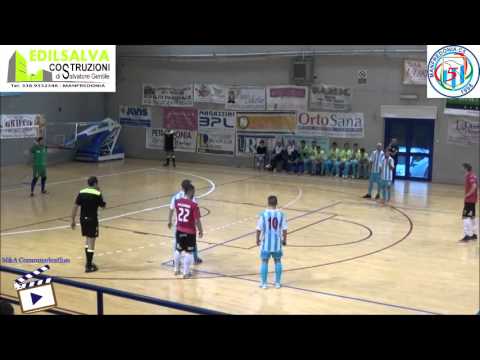 Highlights Manfredonia Virtus Rutigliano 2 - 6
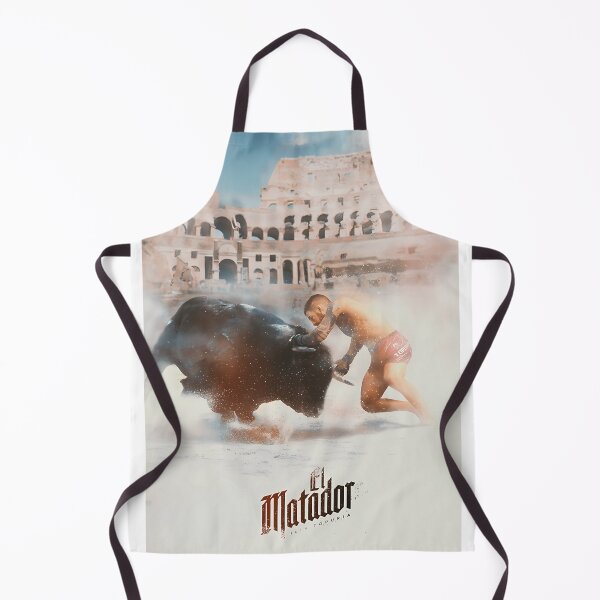 Item preview, Ilia Topuria - El Matador - Ufc designed and sold by lizehtalnosh.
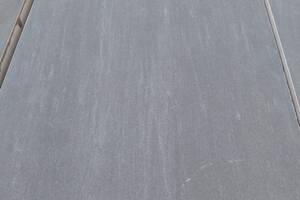 Feinsteinzeug EMPEROR® MAXIMA CLASSIC SHADE 3. WAHL Feinsteinzeug 80x40x3cm (Werkmaß abweichend) fenstergrau dunkel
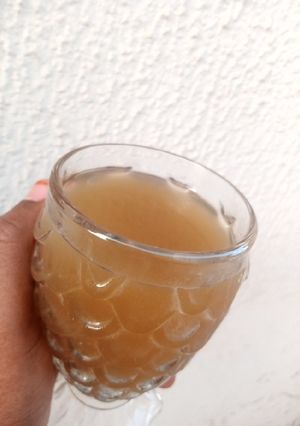 Lemon pear ainihin hoton girkin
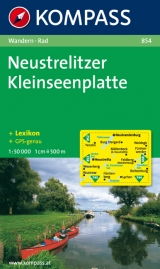 Neustrelitzer Kleinseenplatte - 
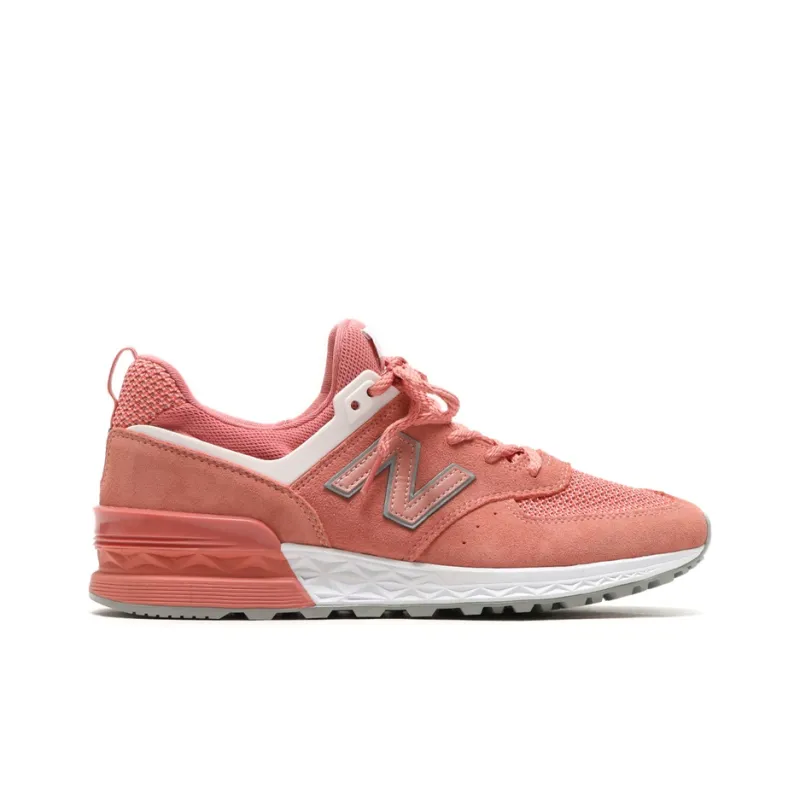 New Balance 574 Sport Dusted Peach-1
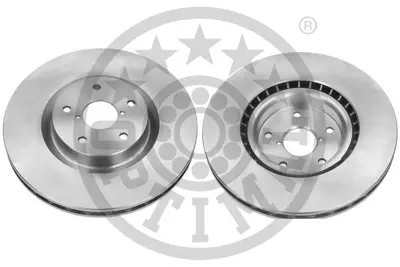 OPTIMAL BS-8772HC Fren Diski Impreza Schr Gheckgr-Gh-G3 -Impreza Station Wagongg -Impreza Stufenheckgd 26300FE070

_WORK TO COMPLETE_
From the line with "New Balance 574 Sport Dusted Peach-1" to the final line of the entries above, reproduce each line exactly and nothing else; the pictures stay out.

_ANSWER TO THIS PROBLEM_
 New Balance 574 Sport Dusted Peach-1
 OPTIMAL BS-8772HC Fren Diski Impreza Schr Gheckgr-Gh-G3 -Impreza Station Wagongg -Impreza Stufenheckgd 26300FE070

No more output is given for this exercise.